A clear buy signal for Oracle (ORCL) is provided in a SF Chronic Article on Larry Ellison’s spending habits.

In e-mails, which stem from a recent shareholder lawsuit against the technology titan, Ellison’s accountant, Philip Simon, warns the billionaire about his habitual runaway spending. Like a concerned parent, Simon chides Ellison for overextending himself on a new yacht, on his America’s Cup team and on his new houses in Woodside and Malibu.

According to documents unsealed by a judge in the shareholder lawsuit, Ellison habitually pushes his credit limit of more than a billion dollars to its maximum to finance his yachts and homes. And that’s not even counting some $20 million a year he burns through in miscellaneous lifestyle expenses.

Ellison, who identifies strongly with the company he founded in 1977, has been famously unwilling to sell Oracle shares over the years.

Instead of selling them, he has financed his lavish lifestyle — the 23-acre Japanese-style estate in Woodside, the yachts, the airplanes, the Armani suits — by borrowing against his stock.

Getting back to the scary days of 2000, when the tech stock market was imploding, a list of Ellison’s debts as of July 13, 2000, showed that he owed $1.022 billion to five banks: JP Morgan, Bankers Trust, CMB, Merrill Lynch and UBS. At that time, those loans came from credit lines that had a combined limit of $1.35 billion, putting Ellison a mere $328 million from maxing out.

At the bottom of a document that detailed Ellison’s 2000 debt load, Simon had scrawled a rough accounting of Ellison’s lavish spending, according to deposition testimony:

“1) Life Style — annual $20m

2) Interest Accrual — annual $75m

3) Villa in Japan — $25m

4) New Yacht — $194m — over 3 yrs

5) America’s Cup — $80m — over 3 yrs

6) UAD — 12m over 3 yrs.”

It’s not clear what UAD refers to. Since this rough budget, Ellison has reportedly spent $200 million building a Japanese-style estate in Woodside, which includes a reproduction of a 17th-century Kyoto teahouse. He has also bought multiple properties in Malibu — $180 million worth, by one report.

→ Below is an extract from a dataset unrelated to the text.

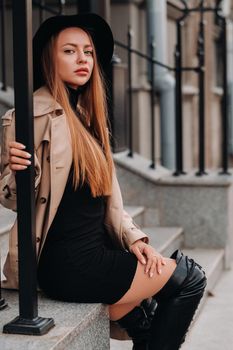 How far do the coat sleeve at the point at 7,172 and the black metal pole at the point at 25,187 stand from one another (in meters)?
0.17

Long or Short Capital LOVES stock secured debt loads incurred by CEO’s. What’s a clearer signal of a stock’s value than a CEO being willing to use it as collateral for a loan to build a $200mm replica samurai house in Northern California? As far as what UAD line item represents, my guess would be “Stanford Freshman Girls.”

Recommendation: Long ORCL per the Satan’s Portfolio investing thesis.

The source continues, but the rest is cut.